* **What to do**
An exact copy is needed of the lines in the entries below from the line with "中国队晋级男子团体追逐半决赛" up to and including the line with "Casa, 4 rooms, 200 mp Bucuresti/Dacia", and of nothing else. Leave the pictures out.

* **Record excerpts**
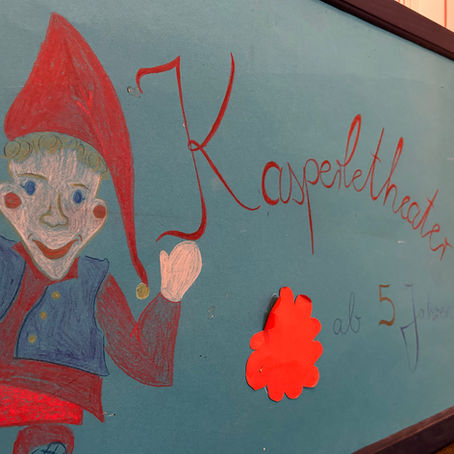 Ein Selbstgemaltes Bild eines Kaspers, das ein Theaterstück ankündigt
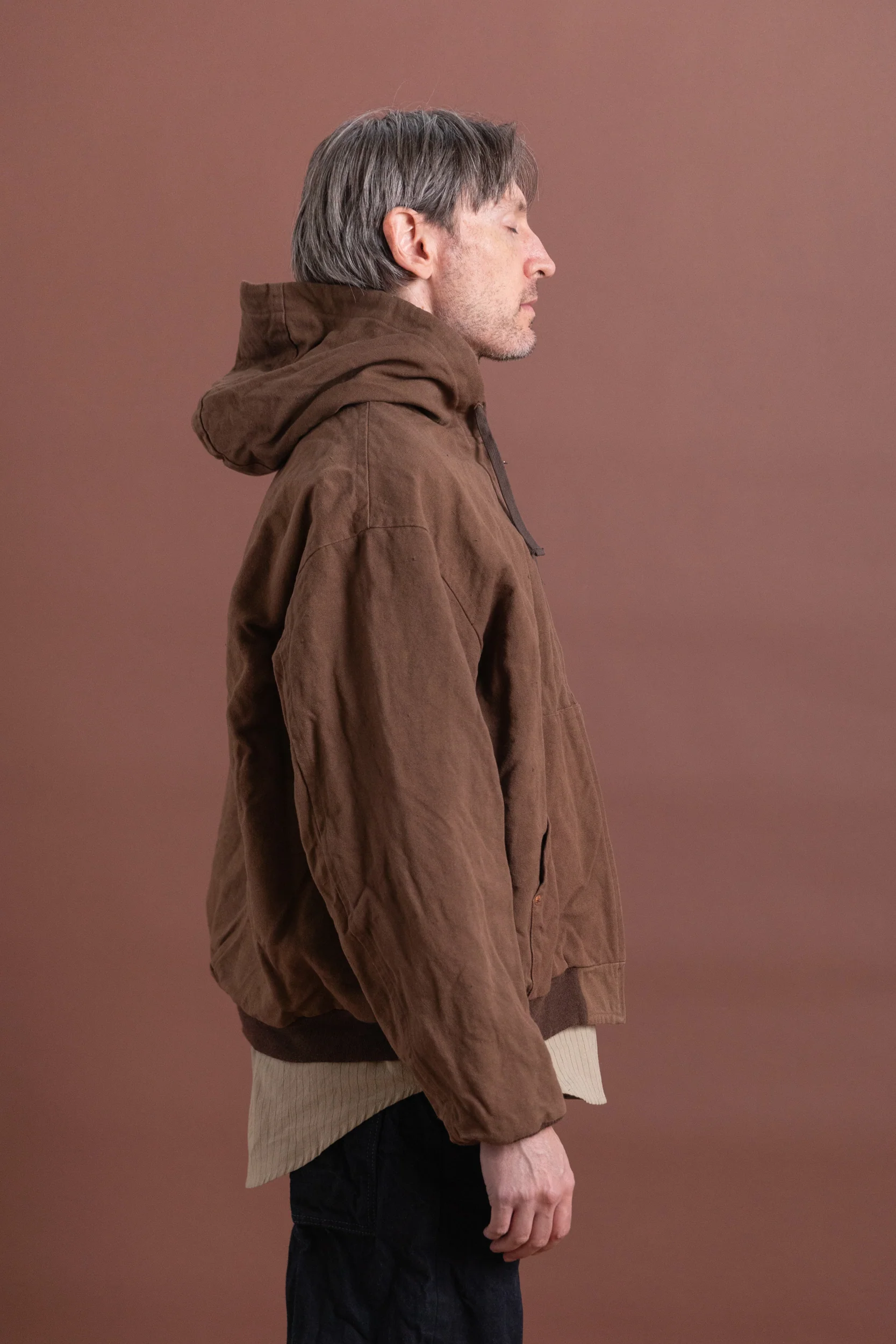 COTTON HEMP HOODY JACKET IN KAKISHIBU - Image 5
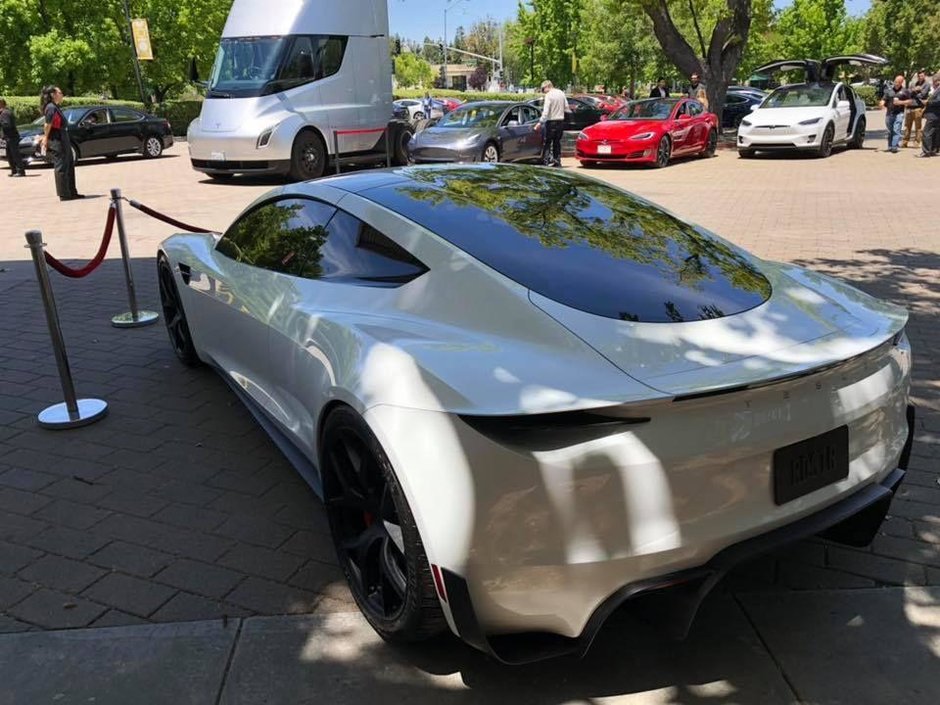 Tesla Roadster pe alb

--

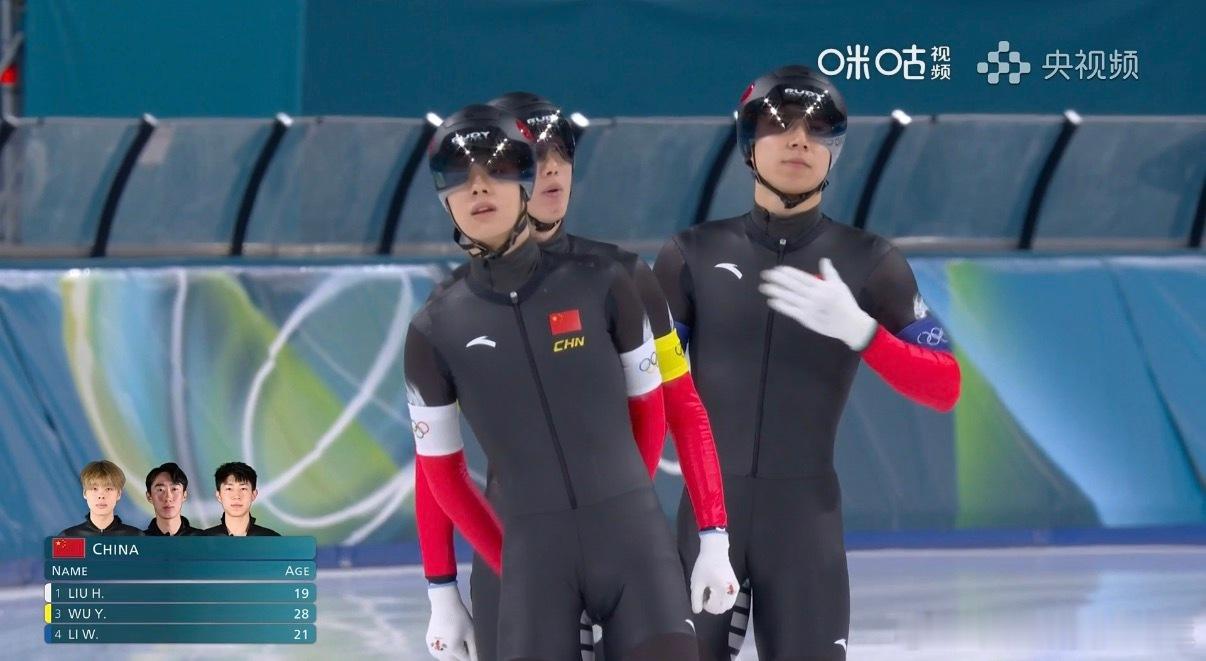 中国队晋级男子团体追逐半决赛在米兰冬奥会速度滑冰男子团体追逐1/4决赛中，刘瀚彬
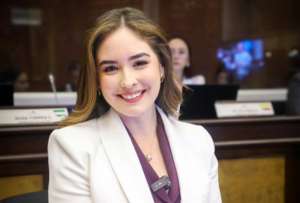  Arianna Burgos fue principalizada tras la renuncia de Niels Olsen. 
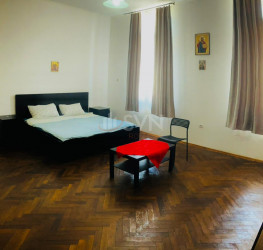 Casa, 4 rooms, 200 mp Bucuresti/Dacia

* **Solution to this exercise**
 中国队晋级男子团体追逐半决赛在米兰冬奥会速度滑冰男子团体追逐1/4决赛中，刘瀚彬
  Arianna Burgos fue principalizada tras la renuncia de Niels Olsen. 
 Casa, 4 rooms, 200 mp Bucuresti/Dacia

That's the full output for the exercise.